English National Curriculum Starting Dates for Mathematics
This is an answer from STEM to the question “Does the new curriculum for mathematics come into effect in September 2014 or 2015?”
Well, the answer is, it depends...
The new curriculum will be taught in all maintained primary and secondary schools from September 2014 except:
Pupils in year 2 and year 6 in 2014/15, who will be taught this national curriculum in all subjects except English, mathematics and science, where they will follow the current national curriculum. This is because these pupils will be the last cohort to sit the current key stage 1 assessment and key stage 2 tests. These pupils will also have followed the current national curriculum in 2013/14 (as years 1 and 5) for English, mathematics and science.
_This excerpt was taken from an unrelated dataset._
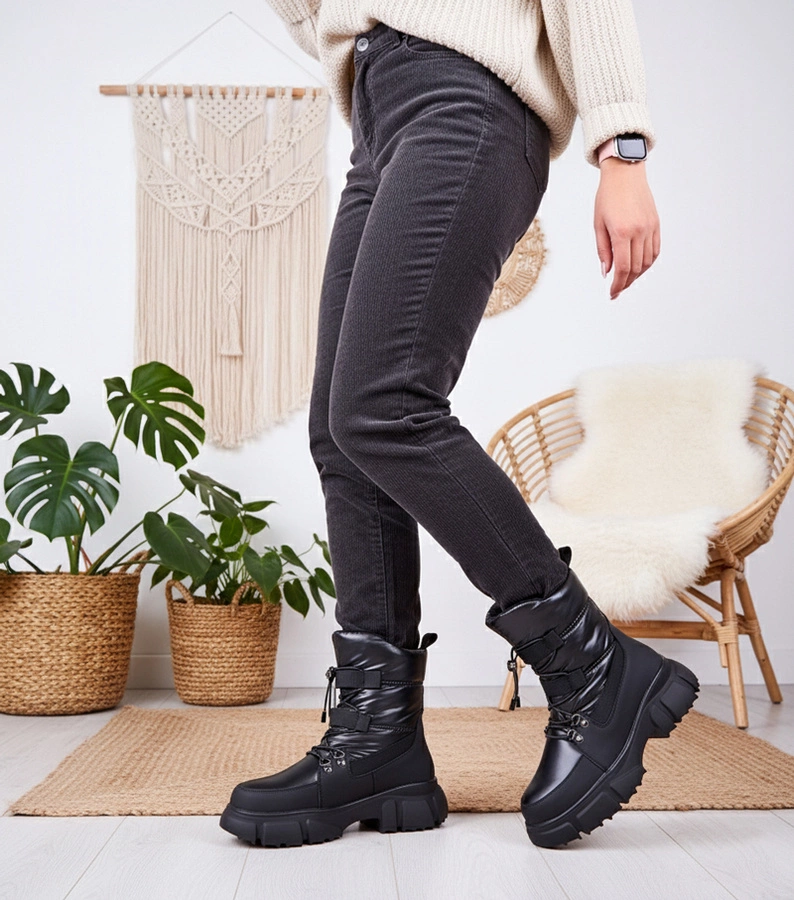 Czarne śniegowce z połyskiem ocieplane futerkiem Jassi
Pupils in years 10 and 11 in 2014/15, who will be taught the new national curriculum in all subjects except English, mathematics and science programmes of study, where they will study the current key stage 4 programmes of study. The new national curriculum in English, mathematics and science will be introduced from 2015, alongside reformed GCSEs in these subjects.
So, all years will follow the new curriculum except years 2, 6, 10 and 11. Hence key stage three schemes of work will need to reflect the new curriculum.
GCSE
The first assessment of new two-year GCSE courses that start in September 2015 will be in June 2017.
A new grading scale that uses the numbers 1–9 to identify levels of performance, (with 9 being the top level). Where performance is below the minimum required to pass a GCSE, students will get a U.
Maths will be tiered with a foundation tier covering grades 1-5 and a higher tier covering grades 4–9.
Assessment by external exam only.
A much larger, more ‘challenging’ GCSE in maths with more emphasis on solving problems which require multi-step solutions. Students will be expected to learn key mathematical formulae by heart.